- _YOUR TASK_
Word for word, the data below must be repeated in full; no picture is to be included.
Top of SUPPLIED ENTRIES
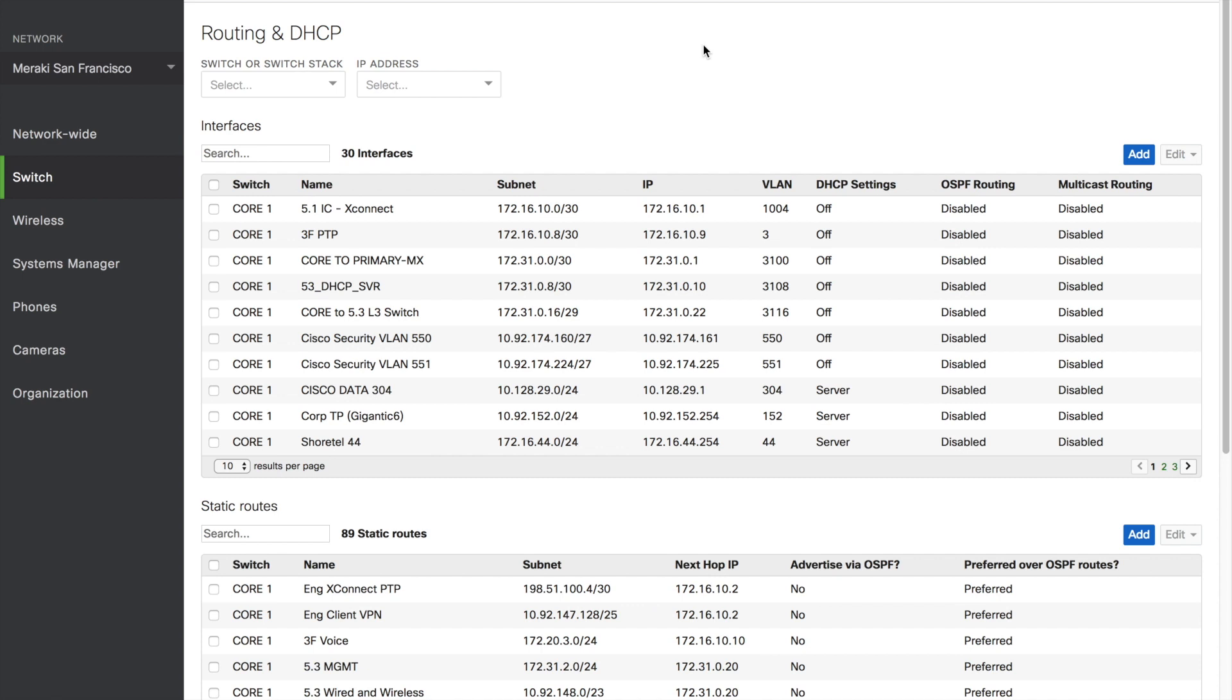Creating interfaces and static routes with Meraki are easy. Interfaces aid layer 3 switches in routing traffic across the network.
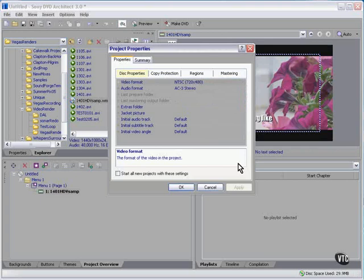All of the tool manufacturers are heading in that direction, and before too long, you will be able to make an HD DVD right within DVD architect or any one of a dozen other applications. You can't do it today.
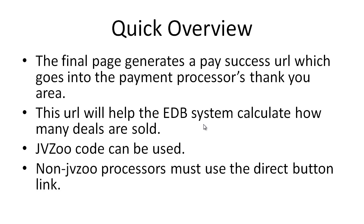Any other payment processors like PayPal, 2Checkout, or anything like that, you must use the direct button link. You cannot use the code like JVZoo. Besides PayPal and JVZoo, the system is actually compatible with other processors such as Clickbank, 2Checkout, Zaxaa, DigiResults, and more.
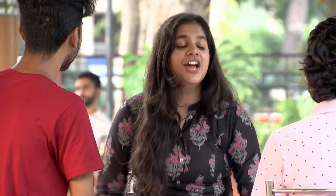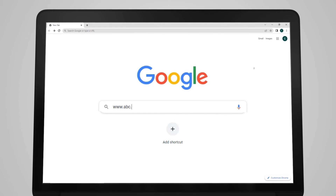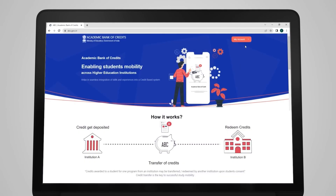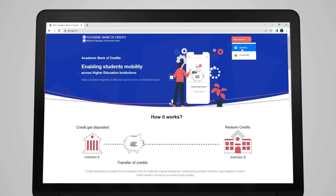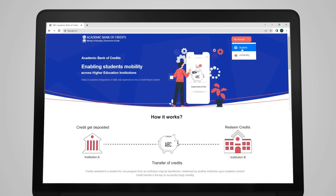Don't ask me, just go to ABC website www.abc.gov.in and open your account. Interface is very easy, so earn the credits from anywhere and enjoy the academic freedom!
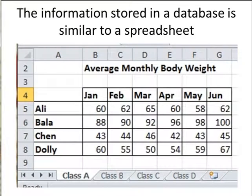The information stored in a database is very similar to a spreadsheet. In this case, we have a spreadsheet of the average monthly body weight for 4 persons.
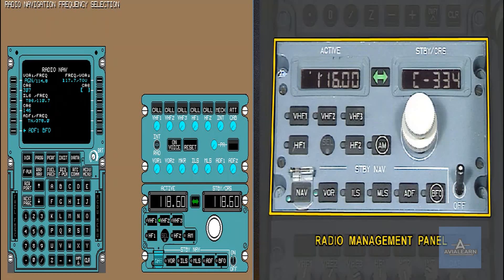The course is now selected. Now, let's perform a VOR2 selection using the radio management panel.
Bottom of SUPPLIED ENTRIES
- _EXERCISE RESPONSE_
Creating interfaces and static routes with Meraki are easy. Interfaces aid layer 3 switches in routing traffic across the network.
All of the tool manufacturers are heading in that direction, and before too long, you will be able to make an HD DVD right within DVD architect or any one of a dozen other applications. You can't do it today.
Any other payment processors like PayPal, 2Checkout, or anything like that, you must use the direct button link. You cannot use the code like JVZoo. Besides PayPal and JVZoo, the system is actually compatible with other processors such as Clickbank, 2Checkout, Zaxaa, DigiResults, and more.
Don't ask me, just go to ABC website www.abc.gov.in and open your account. Interface is very easy, so earn the credits from anywhere and enjoy the academic freedom!
The information stored in a database is very similar to a spreadsheet. In this case, we have a spreadsheet of the average monthly body weight for 4 persons.
The course is now selected. Now, let's perform a VOR2 selection using the radio management panel.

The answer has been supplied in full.